I can’t say “this is a friendly church” or otherwise; I spent most of our settling-in time and “hand of fellowship” time dealing with a diaper change and getting our baby settled after he started crying during the music. I suspect it was just too loud, but I didn’t see/hear any other babies fussing, so it’s hard to say.
The building and the darkness give the church service an “everything of interest is happening on stage” feel; it’s an experience not unlike watching a movie or watching television. I believe by design Mars Hill compensates for this by having small groups, of which more later.

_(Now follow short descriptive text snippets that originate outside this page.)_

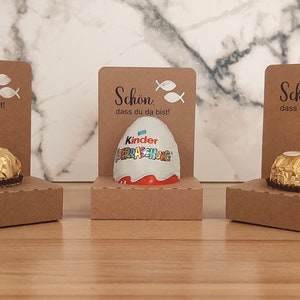 Könnte beinhalten: Drei braune Pappkartons mit einem kleinen Schokoladenei oder Bonbon in jedem. Die Kartons haben ein weißes Fischsymbol und den Text "Schon dass du da bist!" auf der Vorderseite.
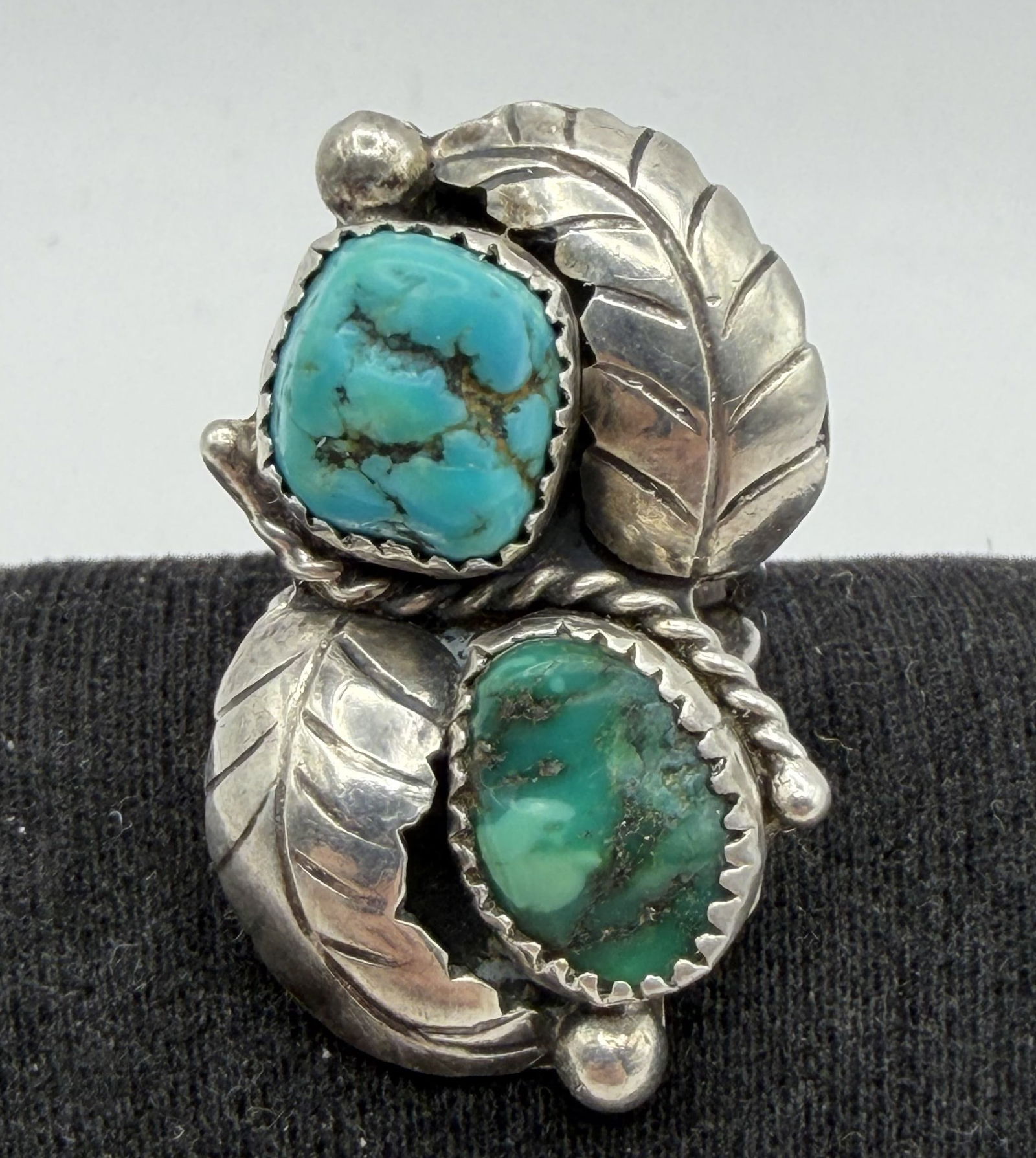 OLD PAWN STERLING NATIVE AMERICAN RING: VINTAGE HANDMADE NATIVE AMERICAN RING. UNSIGNED WITH PAWN MARKINGS TESTED STERLING SILVER. WEIGHS 9.1 GRAMS. FACE IS 1-3/8" TALL. RING SIZE 3.5. WITH IMPERIAL AUCTION THE COST FOR PACKING AND SHIPPING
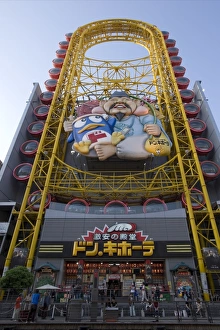 Don Quixote discount shop with Ferris wheel-like attraction in the Dotonbori district of Don Quixote discount shop with Ferris wheel-like attraction in the Dotonbori district of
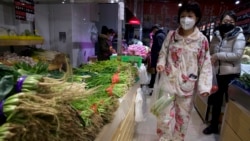 A woman wearing a mask and pajamas shop for vegetables at a store in Beijing, China on Tuesday, Feb. 18, 2020. (AP Photo/Ng Han Guan)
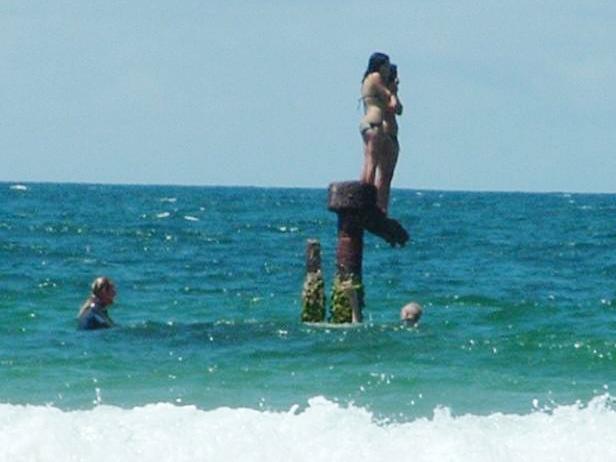 MUST CREDIT: Northern Star... Girls Caitlin Robinson and Jett Coates (both 14) standing on rusty shipwreck about 50 metres off Main Beach at Byron Bay as surfers come to their aid. They were forced to wait for rescue when they saw sharks circling them after they has swum out to the wreck. Picture: Star Northern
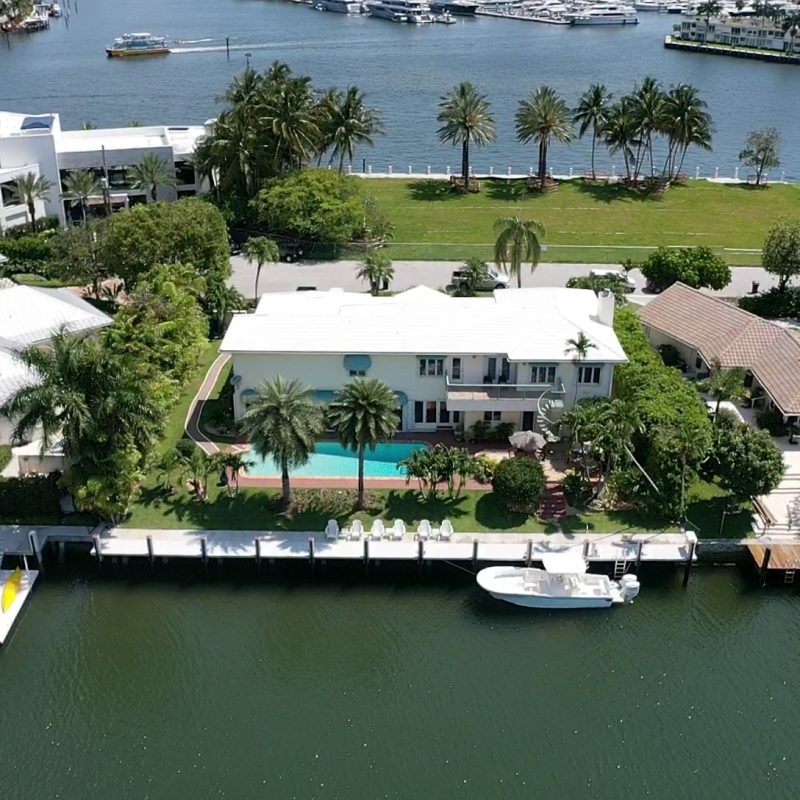 Modern waterfront property at 81 Isla Bahia 6, showcasing luxury design and scenic views.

The people we saw tended toward the older end of the college spectrum, mid-twenties types, some couples with small children, and the occasional older (think fifties) single man. It’s not really a college church and not really the Mars Hill demographic (that’s mostly people in their thirties and forties now, I understand) and it isn’t really multigenerational the way a mature healthy church might be. If I had to guess I’d say these are City on a Hill people, mostly folks who started attending church here when they were in college who didn’t leave town after graduation.
The dress code is t-shirt-and-jeans casual, in colors darker than is typical for the UNM area, with a fair amount of small glasses and goatees. I hesitate to say “hipster church” or “grunge church;” it doesn’t have the look and feel of a young urban church, nor does it feel really Albuquerque.
Anyway, people who really need “sacred spaces” would probably be disappointed in Albuquerque’s larger churches anyway; Calvary Albuquerque’s main sanctuary is a converted tennis club/fitness center; Hoffmantown is big but airless and sits on a big bleak parking lot; Calvary Chapel Rio Rancho is a giant metal shed; Calvary Chapel Rio Grand Valley (Belen) meets in a converted Walmart. I wish the folks at Mars Hill Albuquerque well in finding their next building. There’s lots of unused retail space available in their part of town, but I’m hoping they don’t have to settle for something big and characterless in a strip mall somewhere.